Unlike some measures of protein usability, biological value does not take into account how readily the protein can be digested and absorbed (largely by the small intestine). This is reflected in the experimental methods used to determine BV.

BV uses two similar scales:
1. The true percentage utilization (usually shown with a percent symbol).
2. The percentage utilization relative to a readily utilizable protein source, often egg (usually shown as unitless).
The two values will be similar but not identical.

The BV of a food varies greatly, and depends on a wide variety of factors. In particular the BV of a food varies depending on its preparation and the recent diet of the organism. This makes reliable determination of BV difficult and of limited use — fasting prior to testing is universally required in order to ascertain reliable figures.

BV is commonly used in nutrition science in many mammalian organisms, and is a relevant measure in humans. It is a popular guideline in bodybuilding in protein choice.

==Determination of BV==
For accurate determination of BV:
1. the test organism must only consume the protein or mixture of proteins of interest (the test diet).
2. the test diet must contain no non-protein sources of nitrogen.
3. the test diet must be of suitable content and quantity to avoid use of the protein primarily as an energy source.
These conditions mean the tests are typically carried out over the course of over one week with strict diet control. Fasting prior to testing helps produce consistency between subjects (it removes recent diet as a variable).
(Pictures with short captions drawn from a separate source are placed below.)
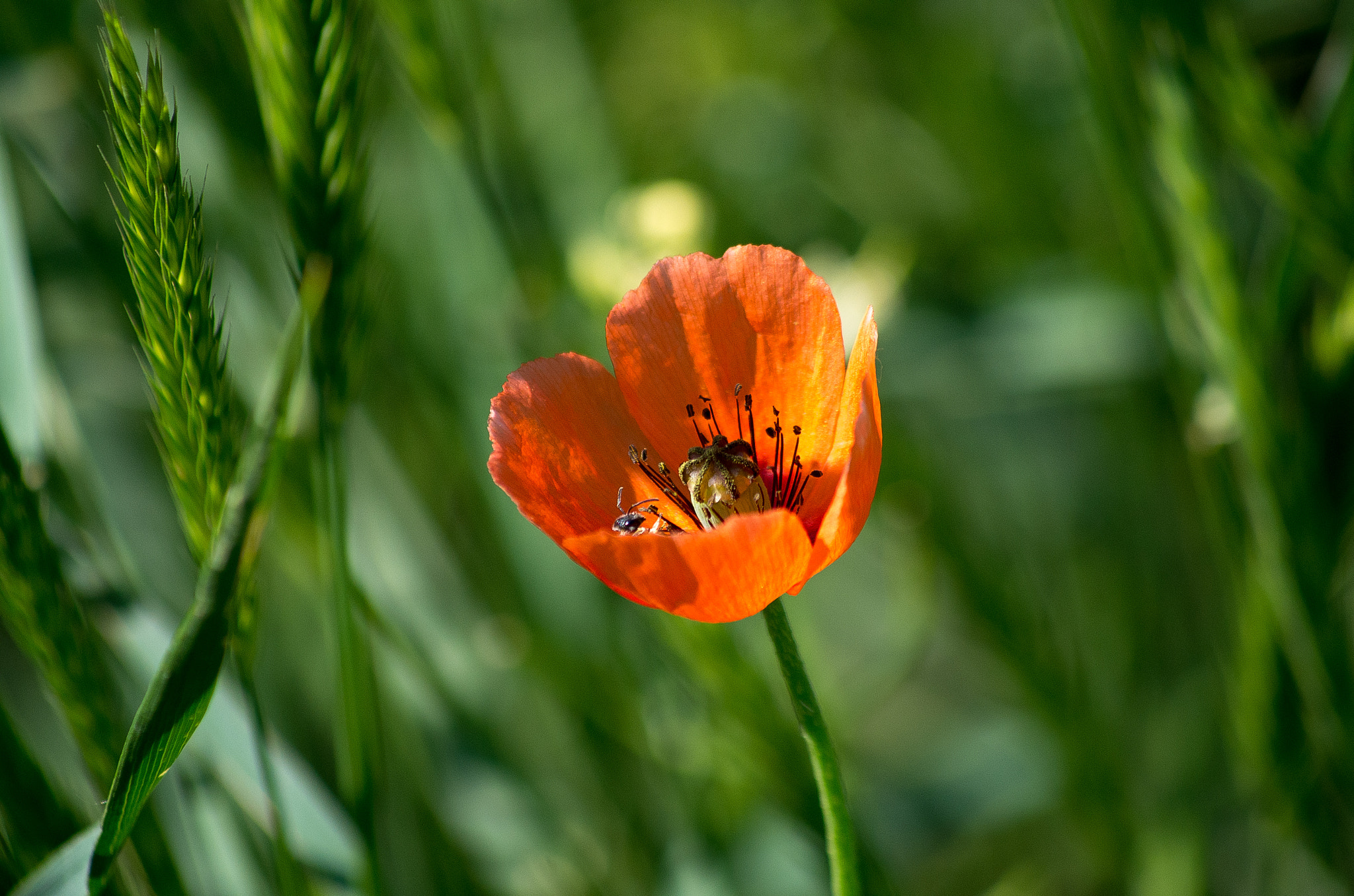 HD Pentax DA 55-300mm F4.0-5.8 ED WR sample photo. Papaver photography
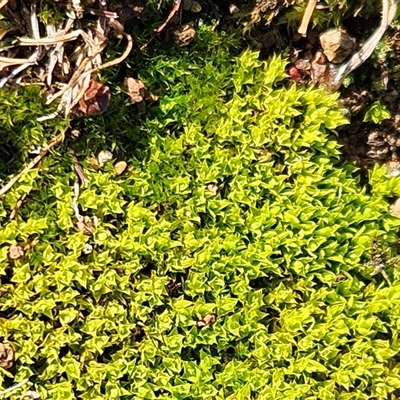 Barbula sp. at Whitlam, ACT - 3 Jun 2025 by sangio7
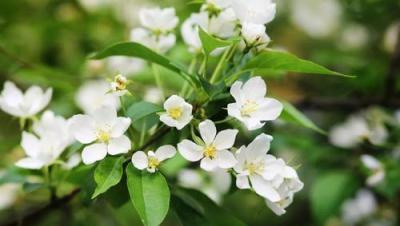 夏季正值茉莉生長旺季，做好這「幾點」，花朵大又香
There are two scales on which BV is measured; percentage utilization and relative utilization. By convention percentage BV has a percent sign (%) suffix and relative BV has no unit.
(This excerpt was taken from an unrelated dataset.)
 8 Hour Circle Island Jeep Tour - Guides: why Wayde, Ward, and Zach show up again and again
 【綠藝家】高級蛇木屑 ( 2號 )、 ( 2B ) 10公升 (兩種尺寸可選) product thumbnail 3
===Percentage utilization===
Biological value is determined based on this formula.

BV = ( N_{r} / N_{a} ) * 100
Where:
N_{a} = nitrogen absorbed in proteins on the test diet
N_{r} = nitrogen incorporated into the body on the test diet

However direct measurement of N_{r} is essentially impossible. It will typically be measured indirectly from nitrogen excretion in urine. Faecal excretion of nitrogen must also be taken into account - this part of the ingested protein is not absorbed by the body and so not included in the calculation of BV. An estimate is used of the amount of the urinary and faecal nitrogen excretion not coming from ingested nitrogen. This may be done by substituting a protein-free diet and observing nitrogen excretion in urine or faeces, but the accuracy of this method of estimation of the amount of nitrogen excretion not coming from ingested nitrogen on a protein-containing diet has been questioned.
BV = ( ( N_{i} - N_{e(f)} - N_{e(u)} ) / (N_{i} - N_{e(f)}) ) * 100
Where:
N_{i} = nitrogen intake in proteins on the test diet
N_{e(f)} = (nitrogen excreted in faeces whilst on the test diet) - (nitrogen excreted in faeces not from ingested nitrogen)
N_{e(u)} = (nitrogen excreted in urine whilst on the test diet) - (nitrogen excreted in urine not from ingested nitrogen)

Note:
N_{r} = N_{i} - N_{e(f)} - N_{e(u)}
N_{a} = N_{i} - N_{e(f)}

This can take any value from 0 to 100, though reported BV could be out of this range if the estimates of nitrogen excretion from non-ingested sources are inaccurate, such as could happen if the endogenous secretion changes with protein intake. A BV of 100% indicates complete utilization of a dietary protein, i.e. 100% of the protein ingested and absorbed is incorporated into proteins into the body. The value of 100% is an absolute maximum, no more than 100% of the protein ingested can be utilized (in the equation above N_{e(u)} and N_{e(f)} cannot go negative, setting 100% as the maximum BV).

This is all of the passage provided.